Short descriptive text snippets

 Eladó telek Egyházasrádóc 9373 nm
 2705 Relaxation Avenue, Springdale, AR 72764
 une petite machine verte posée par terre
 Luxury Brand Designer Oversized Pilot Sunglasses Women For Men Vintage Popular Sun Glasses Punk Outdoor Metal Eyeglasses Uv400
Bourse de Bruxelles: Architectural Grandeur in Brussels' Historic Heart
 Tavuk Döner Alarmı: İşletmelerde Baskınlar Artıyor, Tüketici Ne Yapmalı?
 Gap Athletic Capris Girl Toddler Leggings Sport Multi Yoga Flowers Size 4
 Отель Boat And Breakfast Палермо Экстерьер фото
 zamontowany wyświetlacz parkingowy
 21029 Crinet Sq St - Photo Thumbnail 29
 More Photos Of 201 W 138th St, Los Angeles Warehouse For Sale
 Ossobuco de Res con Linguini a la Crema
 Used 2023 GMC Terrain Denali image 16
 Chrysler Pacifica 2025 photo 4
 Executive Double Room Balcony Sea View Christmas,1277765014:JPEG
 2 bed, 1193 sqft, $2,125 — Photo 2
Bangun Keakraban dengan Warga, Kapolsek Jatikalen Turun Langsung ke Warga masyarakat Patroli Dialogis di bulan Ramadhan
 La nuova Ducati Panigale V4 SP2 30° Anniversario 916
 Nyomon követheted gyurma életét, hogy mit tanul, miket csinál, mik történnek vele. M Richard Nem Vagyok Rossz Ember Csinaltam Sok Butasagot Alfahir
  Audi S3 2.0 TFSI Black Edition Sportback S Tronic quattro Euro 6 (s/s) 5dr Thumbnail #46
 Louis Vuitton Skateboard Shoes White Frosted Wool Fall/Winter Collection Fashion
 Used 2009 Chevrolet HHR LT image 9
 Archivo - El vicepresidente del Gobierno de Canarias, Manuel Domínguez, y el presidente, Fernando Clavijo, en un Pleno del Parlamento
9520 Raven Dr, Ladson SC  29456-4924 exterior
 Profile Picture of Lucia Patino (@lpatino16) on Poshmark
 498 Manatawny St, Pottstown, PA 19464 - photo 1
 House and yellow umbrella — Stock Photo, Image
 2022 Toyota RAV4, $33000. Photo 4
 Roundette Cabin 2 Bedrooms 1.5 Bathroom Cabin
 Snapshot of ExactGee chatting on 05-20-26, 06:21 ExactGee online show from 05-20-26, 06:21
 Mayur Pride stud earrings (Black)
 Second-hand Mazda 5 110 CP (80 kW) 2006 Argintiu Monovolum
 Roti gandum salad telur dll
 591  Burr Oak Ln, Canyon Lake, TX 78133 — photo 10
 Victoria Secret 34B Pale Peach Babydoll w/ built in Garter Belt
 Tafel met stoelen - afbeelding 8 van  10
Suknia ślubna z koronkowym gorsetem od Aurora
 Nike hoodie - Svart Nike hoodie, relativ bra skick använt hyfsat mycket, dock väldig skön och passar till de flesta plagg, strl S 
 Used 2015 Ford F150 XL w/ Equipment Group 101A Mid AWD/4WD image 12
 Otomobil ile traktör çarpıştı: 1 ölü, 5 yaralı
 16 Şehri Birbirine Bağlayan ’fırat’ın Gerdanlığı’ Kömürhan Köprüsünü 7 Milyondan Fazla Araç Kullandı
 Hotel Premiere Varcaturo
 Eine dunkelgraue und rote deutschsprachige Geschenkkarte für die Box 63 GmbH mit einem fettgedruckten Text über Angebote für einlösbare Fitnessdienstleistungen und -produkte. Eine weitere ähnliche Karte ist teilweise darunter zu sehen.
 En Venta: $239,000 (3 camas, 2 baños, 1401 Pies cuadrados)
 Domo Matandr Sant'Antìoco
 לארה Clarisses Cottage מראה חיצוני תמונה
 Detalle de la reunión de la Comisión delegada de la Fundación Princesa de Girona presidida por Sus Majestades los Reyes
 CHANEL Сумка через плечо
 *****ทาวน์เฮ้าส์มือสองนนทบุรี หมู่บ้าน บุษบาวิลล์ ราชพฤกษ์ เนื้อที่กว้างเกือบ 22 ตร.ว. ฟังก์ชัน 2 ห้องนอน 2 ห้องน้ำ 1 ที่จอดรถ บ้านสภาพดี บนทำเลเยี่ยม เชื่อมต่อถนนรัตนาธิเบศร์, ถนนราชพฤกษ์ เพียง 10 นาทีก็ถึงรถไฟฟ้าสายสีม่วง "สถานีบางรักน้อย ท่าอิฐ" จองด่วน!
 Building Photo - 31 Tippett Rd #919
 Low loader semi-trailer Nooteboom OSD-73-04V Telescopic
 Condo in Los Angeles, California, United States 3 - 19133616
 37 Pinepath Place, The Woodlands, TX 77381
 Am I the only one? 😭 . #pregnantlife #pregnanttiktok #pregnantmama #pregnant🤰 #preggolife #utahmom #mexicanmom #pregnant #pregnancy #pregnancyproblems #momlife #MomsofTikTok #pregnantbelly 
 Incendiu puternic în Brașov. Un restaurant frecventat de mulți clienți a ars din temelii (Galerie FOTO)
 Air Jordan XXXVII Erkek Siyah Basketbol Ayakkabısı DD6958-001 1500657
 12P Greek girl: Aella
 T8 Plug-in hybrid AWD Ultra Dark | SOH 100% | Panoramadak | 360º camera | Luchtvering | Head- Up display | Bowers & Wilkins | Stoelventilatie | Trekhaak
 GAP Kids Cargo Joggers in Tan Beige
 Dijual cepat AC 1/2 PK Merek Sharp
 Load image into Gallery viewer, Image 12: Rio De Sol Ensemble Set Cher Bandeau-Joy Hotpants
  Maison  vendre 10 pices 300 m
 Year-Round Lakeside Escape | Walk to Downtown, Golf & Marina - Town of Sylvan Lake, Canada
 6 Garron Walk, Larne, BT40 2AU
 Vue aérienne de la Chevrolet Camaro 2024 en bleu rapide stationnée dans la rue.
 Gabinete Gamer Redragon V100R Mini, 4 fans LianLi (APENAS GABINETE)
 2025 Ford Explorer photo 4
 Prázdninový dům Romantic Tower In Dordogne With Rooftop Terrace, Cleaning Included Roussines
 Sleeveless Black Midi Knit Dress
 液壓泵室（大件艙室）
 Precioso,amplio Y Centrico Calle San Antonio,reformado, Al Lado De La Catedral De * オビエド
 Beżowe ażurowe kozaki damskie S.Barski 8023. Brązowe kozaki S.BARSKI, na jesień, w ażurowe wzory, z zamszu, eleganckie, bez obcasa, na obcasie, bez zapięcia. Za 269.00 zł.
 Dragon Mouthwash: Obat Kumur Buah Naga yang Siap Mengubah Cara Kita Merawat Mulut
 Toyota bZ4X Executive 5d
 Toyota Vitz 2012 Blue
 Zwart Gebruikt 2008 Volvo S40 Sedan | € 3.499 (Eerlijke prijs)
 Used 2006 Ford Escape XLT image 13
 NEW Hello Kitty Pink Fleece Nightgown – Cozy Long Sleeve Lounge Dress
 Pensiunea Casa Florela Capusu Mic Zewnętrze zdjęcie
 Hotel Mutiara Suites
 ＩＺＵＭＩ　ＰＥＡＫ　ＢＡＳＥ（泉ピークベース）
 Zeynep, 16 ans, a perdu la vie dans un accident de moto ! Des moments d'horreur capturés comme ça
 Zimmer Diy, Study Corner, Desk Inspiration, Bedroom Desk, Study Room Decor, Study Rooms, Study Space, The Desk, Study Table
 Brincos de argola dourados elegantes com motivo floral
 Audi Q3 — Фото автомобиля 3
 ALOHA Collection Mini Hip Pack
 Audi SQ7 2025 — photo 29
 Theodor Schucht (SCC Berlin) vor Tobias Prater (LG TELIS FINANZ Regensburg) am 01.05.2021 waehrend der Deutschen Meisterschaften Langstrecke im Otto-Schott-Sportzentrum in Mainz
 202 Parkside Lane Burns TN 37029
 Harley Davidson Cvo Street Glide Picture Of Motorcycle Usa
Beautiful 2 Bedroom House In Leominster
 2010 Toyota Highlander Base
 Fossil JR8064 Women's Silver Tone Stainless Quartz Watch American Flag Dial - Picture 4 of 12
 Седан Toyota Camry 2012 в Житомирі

◆ **PROBLEM STATEMENT**:
Check each line of the entries, and copy the ones that contain "Ford".

◆ **SOLUTION**:
 Used 2015 Ford F150 XL w/ Equipment Group 101A Mid AWD/4WD image 12
 2025 Ford Explorer photo 4
 Used 2006 Ford Escape XLT image 13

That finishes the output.